Irreversible labelling of rat brain opioid receptors by enkephalin chloromethyl ketones.

Chloromethyl ketone derivatives of leucine enkephalin (LE), D-Ala2-Leu5-enkephalin (DALE) and D-Ala2-D-Leu5-enkephalin (DADLE) were synthesized. They all show high affinity for rat brain opioid binding sites. Preincubation of the membrane fraction with enkephalin chloromethyl ketones causes a significant inhibition of /3H/-naloxone binding which cannot be reversed by extensive washing. It was found that the irreversible inhibition is selective for the high affinity (KD less than 1 nM) /3H/-naloxone binding site (putative mu-1 site). The irreversible blockade of opioid binding was partially protected by opiate alkaloids and opioid peptides, suggesting that non-specific labelling also occurs. Affinity of enkephalin chloromethyl ketones toward the mu sites is greater than that of the parent compounds. It was also found that the covalent inhibition of mu sites (/3H/-dihydromorphine and /3H/-DAGO binding) is more effective than that of delta sites (/3H/-DALE binding). We conclude that these chloromethyl ketone derivatives can be used as affinity labels for the opioid receptors, allowing us to study the structure of the mu receptor subtype.

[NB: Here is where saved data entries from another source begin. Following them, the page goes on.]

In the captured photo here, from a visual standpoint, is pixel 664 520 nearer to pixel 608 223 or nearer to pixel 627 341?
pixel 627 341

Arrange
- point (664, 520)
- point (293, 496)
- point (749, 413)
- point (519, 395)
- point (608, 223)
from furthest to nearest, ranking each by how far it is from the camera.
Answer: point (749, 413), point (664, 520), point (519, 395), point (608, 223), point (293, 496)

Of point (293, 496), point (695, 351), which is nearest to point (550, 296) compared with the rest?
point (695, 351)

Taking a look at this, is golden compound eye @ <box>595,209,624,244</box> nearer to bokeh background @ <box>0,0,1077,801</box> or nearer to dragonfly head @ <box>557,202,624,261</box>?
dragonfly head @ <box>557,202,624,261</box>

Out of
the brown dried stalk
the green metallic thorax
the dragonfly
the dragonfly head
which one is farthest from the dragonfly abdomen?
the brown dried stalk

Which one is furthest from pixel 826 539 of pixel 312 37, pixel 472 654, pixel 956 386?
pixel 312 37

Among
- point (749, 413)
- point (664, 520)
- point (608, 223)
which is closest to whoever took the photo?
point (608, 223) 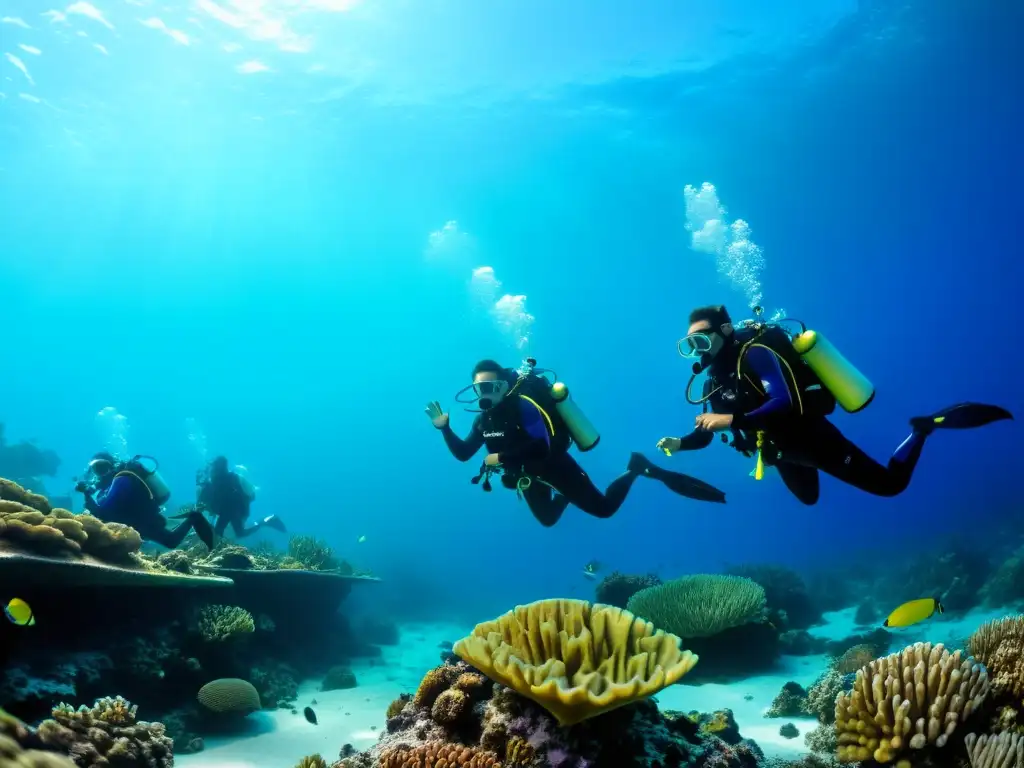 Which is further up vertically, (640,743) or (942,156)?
(942,156)

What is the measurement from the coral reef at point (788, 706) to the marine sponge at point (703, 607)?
3.77ft

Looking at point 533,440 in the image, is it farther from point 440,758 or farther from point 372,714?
point 372,714

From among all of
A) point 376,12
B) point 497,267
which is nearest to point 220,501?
point 376,12

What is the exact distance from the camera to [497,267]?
71.1m

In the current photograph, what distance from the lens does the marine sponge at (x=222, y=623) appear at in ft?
25.3

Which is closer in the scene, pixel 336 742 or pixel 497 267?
pixel 336 742

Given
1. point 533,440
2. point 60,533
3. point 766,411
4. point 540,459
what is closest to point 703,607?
point 540,459

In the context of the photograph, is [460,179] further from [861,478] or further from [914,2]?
[861,478]

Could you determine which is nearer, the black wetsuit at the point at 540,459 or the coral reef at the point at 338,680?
the black wetsuit at the point at 540,459

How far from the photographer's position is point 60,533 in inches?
222

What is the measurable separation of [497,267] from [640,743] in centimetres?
7012

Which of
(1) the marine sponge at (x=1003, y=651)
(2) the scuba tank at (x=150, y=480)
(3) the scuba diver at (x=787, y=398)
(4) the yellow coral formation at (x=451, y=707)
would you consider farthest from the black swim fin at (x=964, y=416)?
(2) the scuba tank at (x=150, y=480)

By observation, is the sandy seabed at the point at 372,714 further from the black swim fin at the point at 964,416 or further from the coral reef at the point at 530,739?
the black swim fin at the point at 964,416

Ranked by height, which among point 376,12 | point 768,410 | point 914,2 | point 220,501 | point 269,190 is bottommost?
point 768,410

Synthesis of 3H-Tyr-D-Ala-Gly-N(Me)Phe chloromethyl ketone-an opioid affinity label

A radioactive enkephalin affinity reagent, selective for the mu opioid receptor subtype, was synthesized by a fragment condensation method. 3H-BOC-Tyr-D-Ala-Gly-OH was prepared by catalytic tritiation of the protected iodinated tripeptide. The protected tritiated tripeptide and N(Me)Phe-CH2Cl were condensed by the mixed anhydride method. The protecting group was removed by HCl/acetic acid. The tritiated tetrapeptide has a specific radioactivity of 56.8 Ci/mmole (2.1 TBq/mmole).